**ACTIVITY:** Exactly as written, return all the data, leaving its pictures behind.

**Brief descriptive captions:**
-- -- --

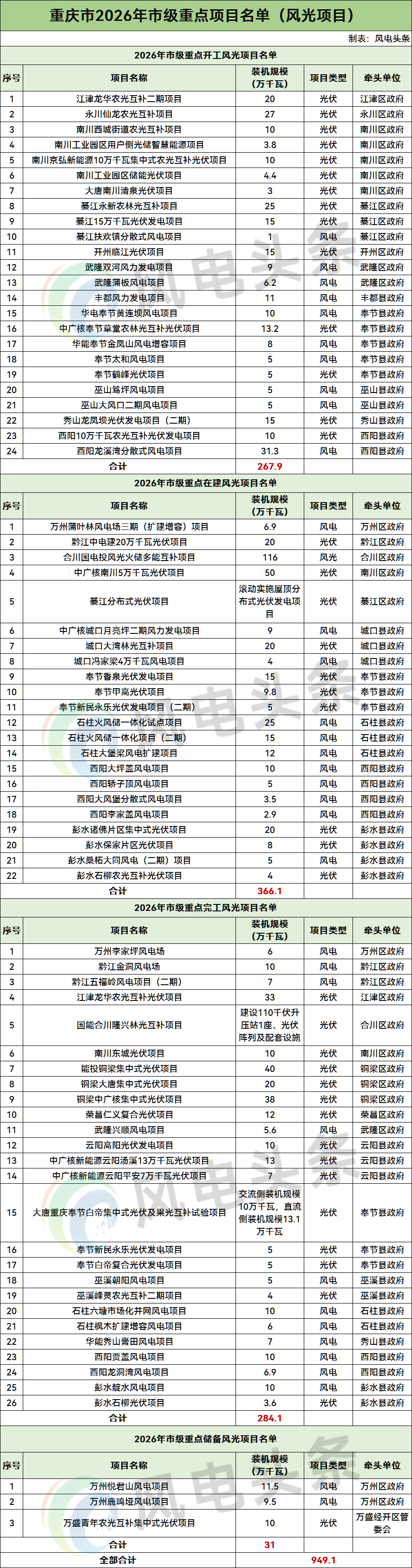 风光超12.39GW！河南、重庆发布2026年重点项目名单
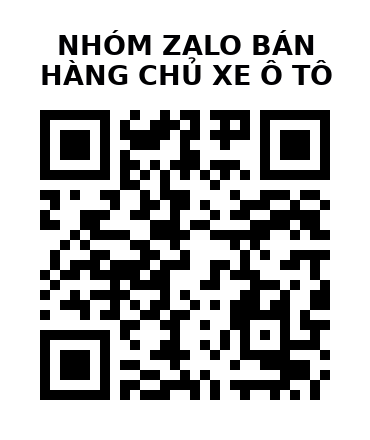 QR Code của URL hiện tại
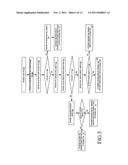 SYSTEM AND METHOD OF ENCODING AND DECODING CONTROL INFORMATION IN A MEDIUM     ACCESS CONTROL PROTOCOL DATA UNIT diagram and image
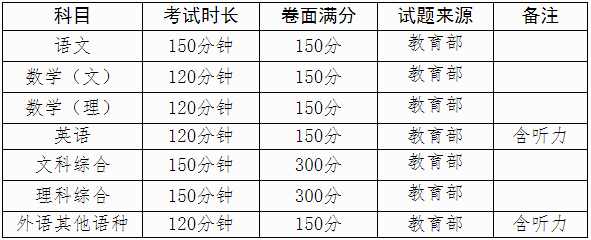 广西2023年普通高校招生考试方案的通知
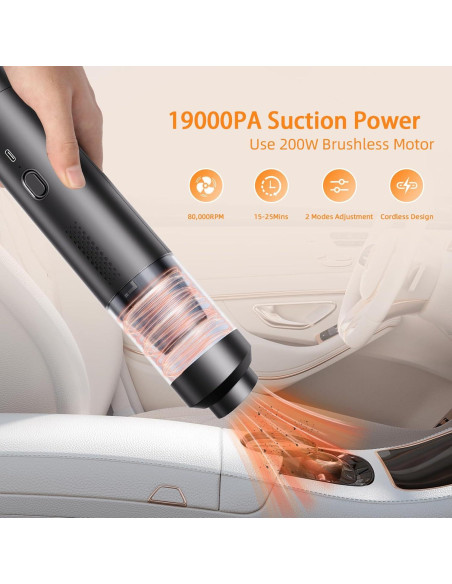Aspiradora de Coche AILEWING EG-121 Sin Cable 19000Pa 4-en-1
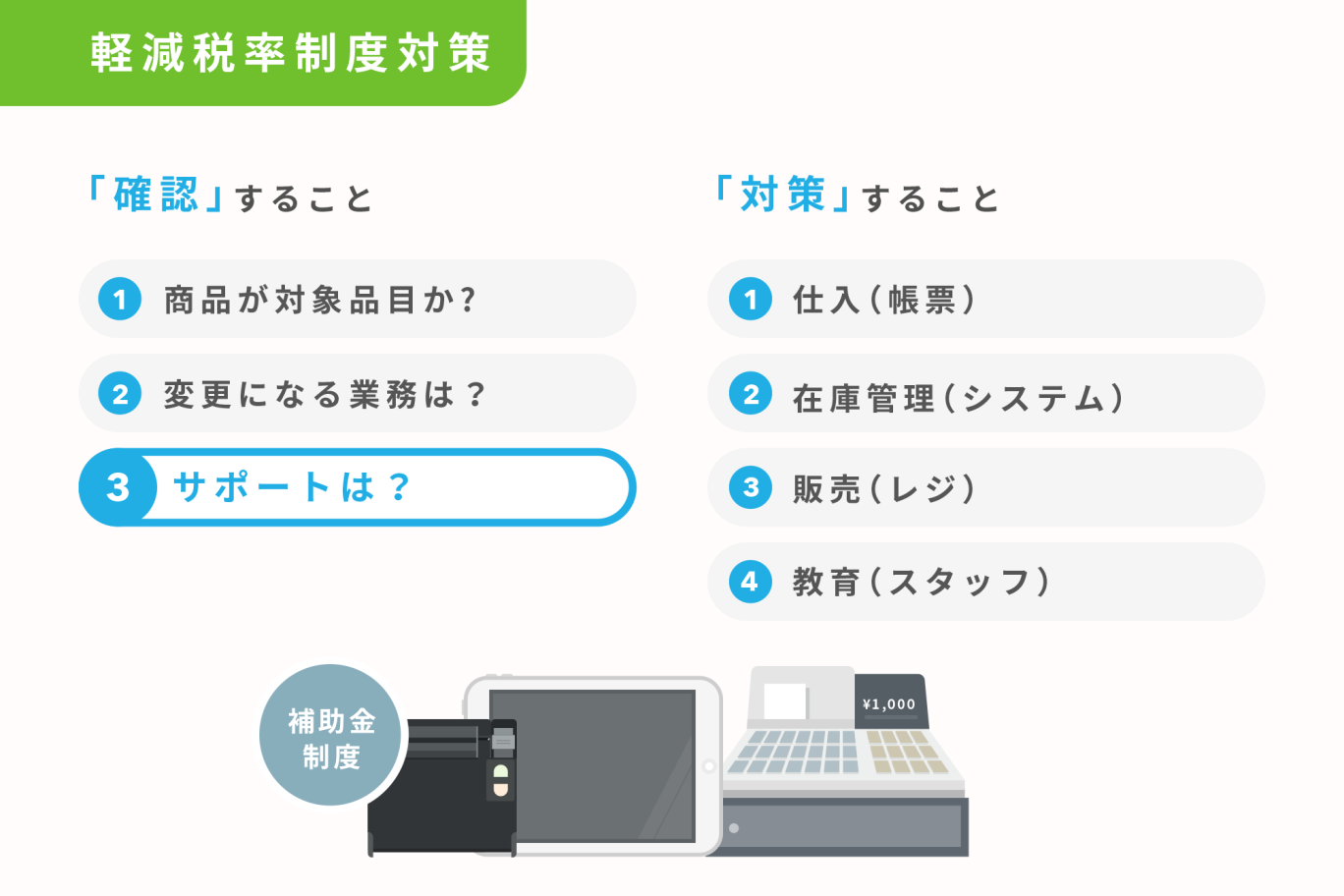 【軽減税率特集】確認3. 軽減税率制度にどんなサポートがあるかを確認しよう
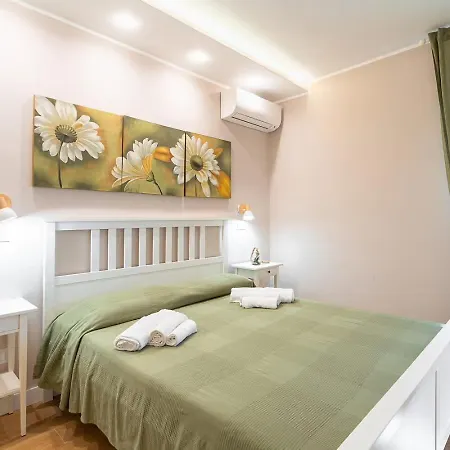 Borgo Luciana * Syracuse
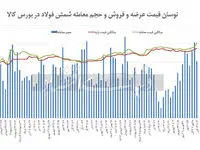 شمش بورسی گران شد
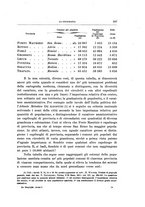 giornale/CFI0355708/1912-1913/unico/00000255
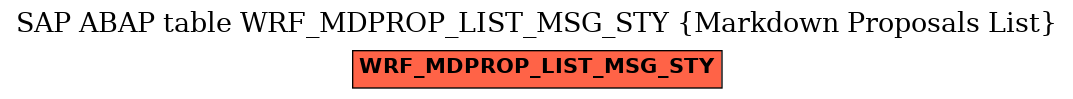 E-R Diagram for table WRF_MDPROP_LIST_MSG_STY (Markdown Proposals List)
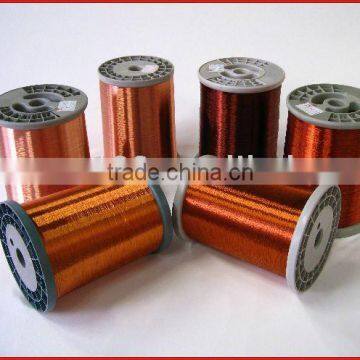 CCA Wire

-- -- --

**ANSWER TO THE EXERCISE:**
 风光超12.39GW！河南、重庆发布2026年重点项目名单
 QR Code của URL hiện tại
 SYSTEM AND METHOD OF ENCODING AND DECODING CONTROL INFORMATION IN A MEDIUM     ACCESS CONTROL PROTOCOL DATA UNIT diagram and image
 广西2023年普通高校招生考试方案的通知
Aspiradora de Coche AILEWING EG-121 Sin Cable 19000Pa 4-en-1
 【軽減税率特集】確認3. 軽減税率制度にどんなサポートがあるかを確認しよう
 Borgo Luciana * Syracuse
 شمش بورسی گران شد
 giornale/CFI0355708/1912-1913/unico/00000255
 E-R Diagram for table WRF_MDPROP_LIST_MSG_STY (Markdown Proposals List)
 CCA Wire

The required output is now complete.